## Information provided
--- START ---

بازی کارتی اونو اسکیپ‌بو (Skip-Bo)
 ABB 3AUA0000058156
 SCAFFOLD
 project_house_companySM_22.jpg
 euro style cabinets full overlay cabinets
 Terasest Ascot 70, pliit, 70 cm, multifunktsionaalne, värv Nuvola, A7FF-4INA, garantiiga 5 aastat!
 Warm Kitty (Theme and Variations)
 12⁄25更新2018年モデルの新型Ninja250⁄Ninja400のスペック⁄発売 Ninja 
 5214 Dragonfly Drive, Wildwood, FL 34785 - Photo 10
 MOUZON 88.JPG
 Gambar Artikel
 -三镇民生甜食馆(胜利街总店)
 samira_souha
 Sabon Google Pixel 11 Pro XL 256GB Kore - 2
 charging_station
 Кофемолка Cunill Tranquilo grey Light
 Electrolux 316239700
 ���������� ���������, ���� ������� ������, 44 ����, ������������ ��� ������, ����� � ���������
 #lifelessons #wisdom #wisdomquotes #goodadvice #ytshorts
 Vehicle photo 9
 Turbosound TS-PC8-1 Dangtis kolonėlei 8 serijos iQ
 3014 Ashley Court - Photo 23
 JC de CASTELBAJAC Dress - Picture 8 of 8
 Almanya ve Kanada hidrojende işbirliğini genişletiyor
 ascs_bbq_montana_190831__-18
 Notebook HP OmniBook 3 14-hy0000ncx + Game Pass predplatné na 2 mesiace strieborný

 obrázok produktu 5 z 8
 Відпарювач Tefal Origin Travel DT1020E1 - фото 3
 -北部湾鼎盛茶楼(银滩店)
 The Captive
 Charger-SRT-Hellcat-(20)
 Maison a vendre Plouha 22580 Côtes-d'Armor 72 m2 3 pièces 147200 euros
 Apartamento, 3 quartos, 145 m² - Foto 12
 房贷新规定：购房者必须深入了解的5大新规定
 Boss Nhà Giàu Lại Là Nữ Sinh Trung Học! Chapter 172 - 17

--- END ---

## What the task asks
Output only the lines from the one containing "#lifelessons #wisdom #wisdomquotes" through the end of the material, please, exactly as they appear.

## The completed task
 #lifelessons #wisdom #wisdomquotes #goodadvice #ytshorts
 Vehicle photo 9
 Turbosound TS-PC8-1 Dangtis kolonėlei 8 serijos iQ
 3014 Ashley Court - Photo 23
 JC de CASTELBAJAC Dress - Picture 8 of 8
 Almanya ve Kanada hidrojende işbirliğini genişletiyor
 ascs_bbq_montana_190831__-18
 Notebook HP OmniBook 3 14-hy0000ncx + Game Pass predplatné na 2 mesiace strieborný

 obrázok produktu 5 z 8
 Відпарювач Tefal Origin Travel DT1020E1 - фото 3
 -北部湾鼎盛茶楼(银滩店)
 The Captive
 Charger-SRT-Hellcat-(20)
 Maison a vendre Plouha 22580 Côtes-d'Armor 72 m2 3 pièces 147200 euros
 Apartamento, 3 quartos, 145 m² - Foto 12
 房贷新规定：购房者必须深入了解的5大新规定
 Boss Nhà Giàu Lại Là Nữ Sinh Trung Học! Chapter 172 - 17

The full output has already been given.